**Material for this exercise**:
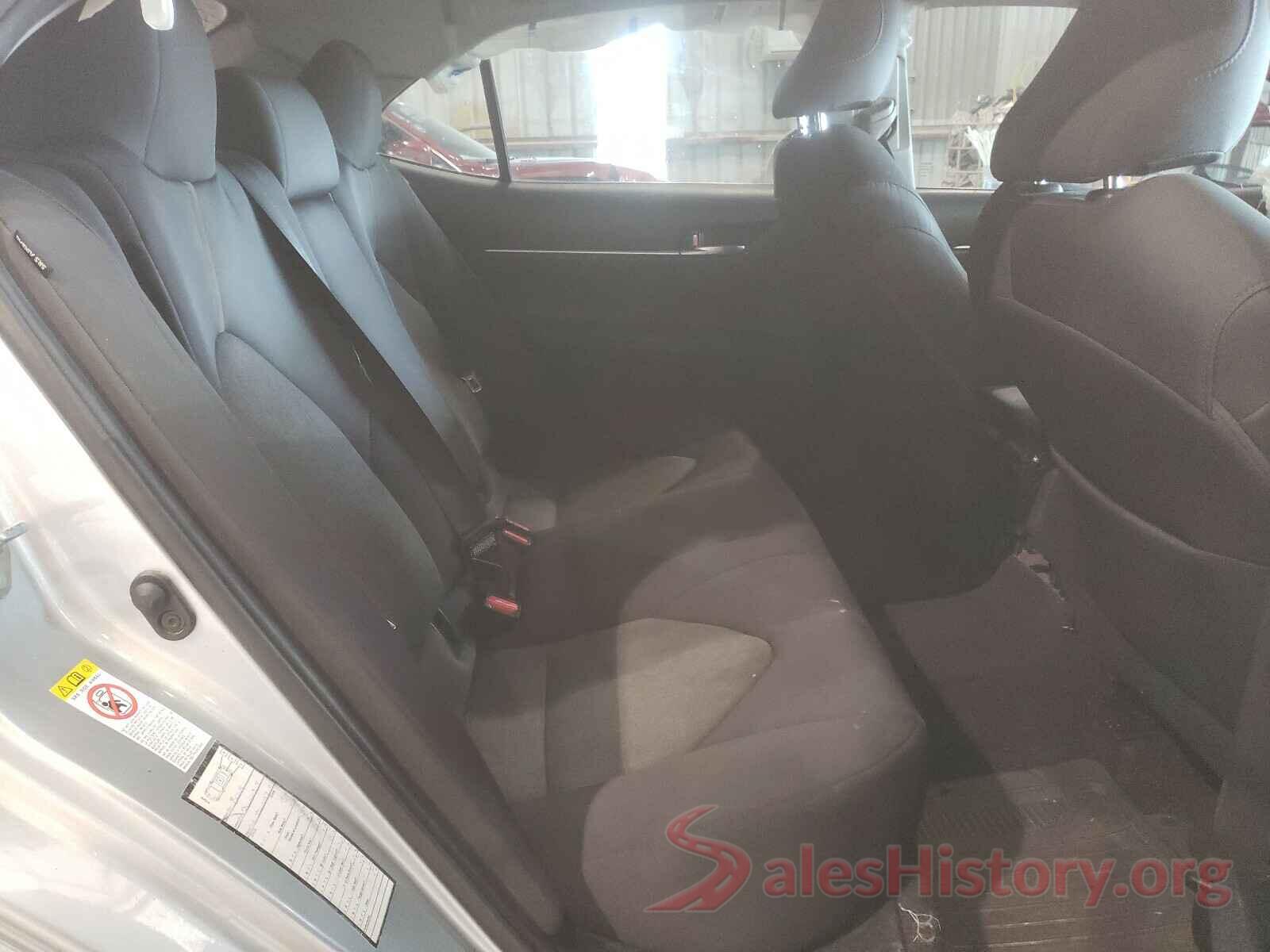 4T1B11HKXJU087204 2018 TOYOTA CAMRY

* * *

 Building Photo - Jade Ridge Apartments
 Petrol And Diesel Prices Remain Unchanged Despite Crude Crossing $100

...

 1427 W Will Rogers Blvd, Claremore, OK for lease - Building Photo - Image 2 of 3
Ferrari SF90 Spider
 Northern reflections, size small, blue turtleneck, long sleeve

**Work to be completed**: Everything from the line containing "Building Photo - Jade Ridge Apartments" through the line containing "Petrol And Diesel" in the material above should be retyped exactly, both ends included, and nothing more.

**Your response**:
 Building Photo - Jade Ridge Apartments
 Petrol And Diesel Prices Remain Unchanged Despite Crude Crossing $100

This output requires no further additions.